Judge of the Western Cape Division of the High Court
- In office 1999–2011

Personal details
- Born: 8 February 1936 Cape Town, South Africa
- Died: 26 February 2017 (aged 81) Crawford, Cape Town, South Africa
- Alma mater: University of Cape Town
- Profession: Attorney

= Essa Moosa =

Former Supreme Court judge in South Africa

Essa Moosa (8 February 1936 – 26 February 2017) was a judge in the Supreme Court of South Africa. During the apartheid era, he was active as a lawyer defending political detainees, and was a founding member of the anti-apartheid National Association of Democratic Lawyers (Nadel).

==Biography==
Moosa was born in Cape Town and was educated at Athlone High School where he matriculated in 1954. He obtained a Diploma in Law at the University of Cape Town in 1960, after which he was admitted as an attorney in 1962. His career as a judge started in 1998 when he acted as a judge, first at the Free State Division and then the Western Cape Division. In 1997, he got involved supporting the Kurdish freedom movement and encouraged several politicians of the African National Congress (ANC) to take part in the Musa Anter peace train.
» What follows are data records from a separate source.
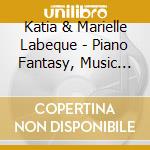 Katia & Marielle Labeque - Piano Fantasy, Music For Two Pianos (6 Cd) cd musicale di Labeque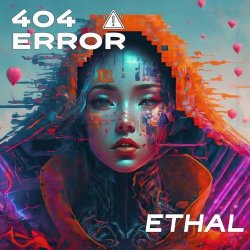 404 Error - Ethal (2024) [Single]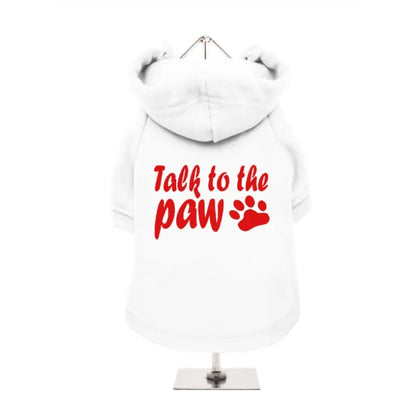 Talk To The Paw Dog Hoodie Sweatshirt - Urban - 8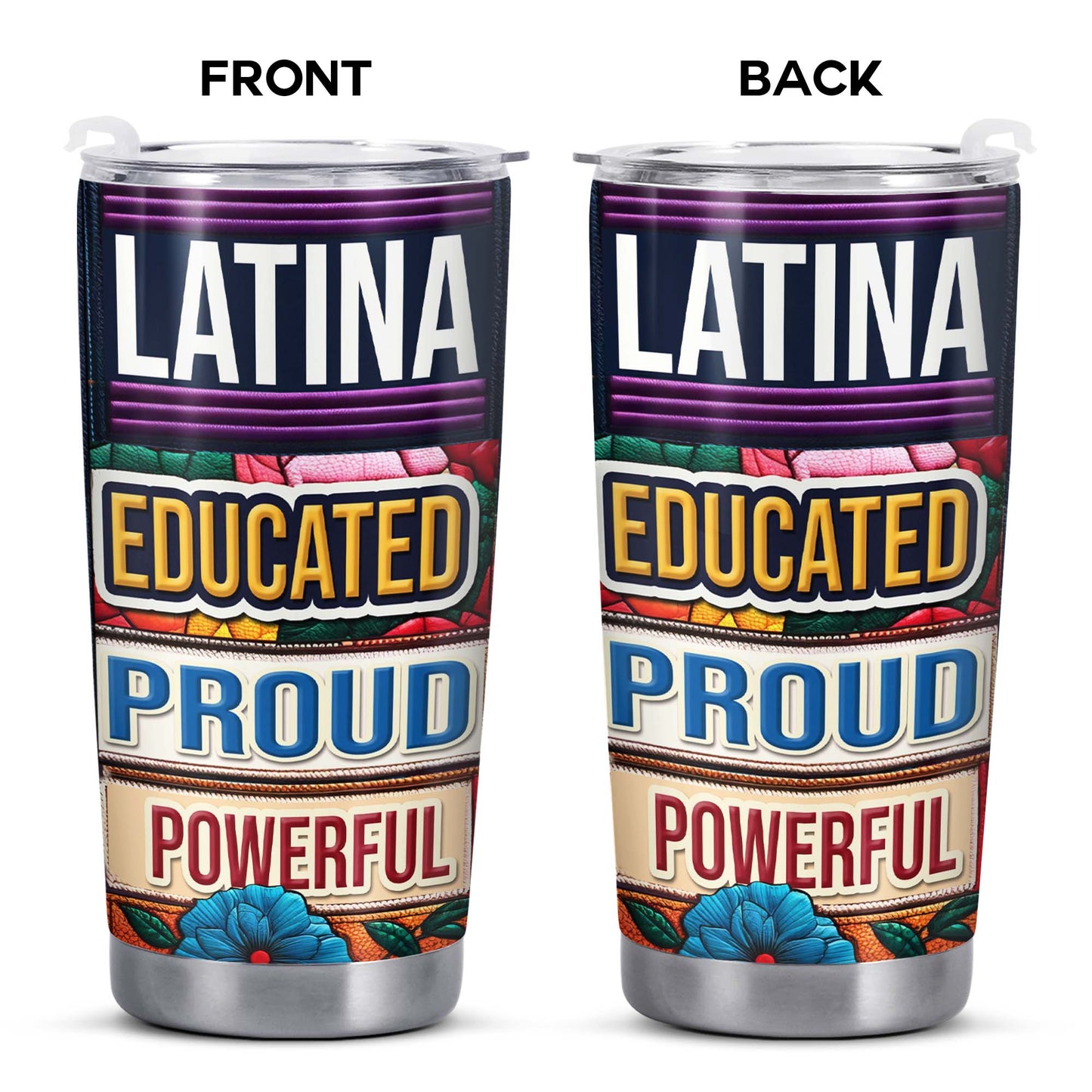 Educated Powerful Proud - Personalized Custom Stainless Steel Tumbler 20oz 30oz - HS032_TB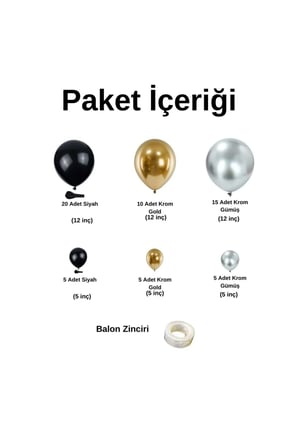 Zincir Balon Seti Siyah-Krom Gold-Krom Gümüş 3 Renk 60 Adet +1 Adet Balon Şeridi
He was permanently appointed to the Cape bench on 18 May 1999.

Moosa was actively involved in human rights issues and represented the United Democratic Front and the African National Congress in a number of cases. He was also a member of the ANC Constitutional Committee.

In 2004 he was awarded the Order of the Disa by the Western Cape Province. He died on February 26, 2017.